1. Field of the Invention
The present invention relates to a rotating electric machine for use onboard a motor vehicle.
2. Description of the Background Art
Batteries equipped onboard a motor vehicle typically supply a terminal voltage of 14 V or less. During power running of the vehicle performed with the assistance of an automotive rotating electric machine (i.e., an automotive motor), such as at engine restart from idle stop or during engine-assist operation of the vehicle, this type of battery is not able to provide a sufficient output torque due to low output voltage. Particularly at engine restart from idle stop, in which the engine once shut off at a vehicle stop is restarted by running the vehicle by only the onboard motor which works as a starter motor, the motor should preferably produce a greater starting torque. A greater motor torque is also needed for performing the engine-assist operation to give extra power in high-speed ranges. Generally, it is necessary for a low-voltage driving system to flow a larger electric current for producing greater output power. However, the amount of electric current that can be flowed through the driving system is more or less limited due to heat generation and reliability of components used in an inverter.
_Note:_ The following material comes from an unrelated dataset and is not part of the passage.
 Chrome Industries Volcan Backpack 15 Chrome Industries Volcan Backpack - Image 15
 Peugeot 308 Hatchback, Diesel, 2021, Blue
Additionally, in an electric driving system, a voltage drop equivalent to the product of electric current and resistance causes an energy loss in the form of Joule heat, and a torque-generating voltage expressed by the product of effective magnetic flux and motor speed decreases by an amount corresponding to this voltage drop. This means that if the terminal-to-terminal resistance of each armature coil of the automotive motor increases, the effective magnetic flux decreases by a corresponding amount, making it necessary to perform field-weakening control. A low-voltage driving system is already in a voltage saturation range (field-weakening range) from a certain point in a low-speed range and, thus, a sufficient torque is not obtained in a high-speed range in which the motor speed is relatively high (typically 300 rpm or above). Here, the voltage saturation range is a range in which the motor is controlled by field-weakening control operation by flowing a negative d-axis current Id as a voltage induced by a combination of field flux and armature flux exceeds a terminal voltage in this range. Although it is possible to increase the starting torque produced by the motor by increasing the number of turns of armature coils, electric resistance of each armature coil increases with an increase in the number of turns thereof, resulting in a reduction in the torque obtained in the high-speed range (hereinafter referred to as the high-speed torque). Conversely, if the resistance of each armature coil is reduced by decreasing the number of turns thereof, a desired level of starting torque would not be obtained.
As the conventional automotive motor is thus configured, it is difficult to obtain both a starting torque characteristic required at engine restart and a high-speed torque characteristic required in the voltage saturation range.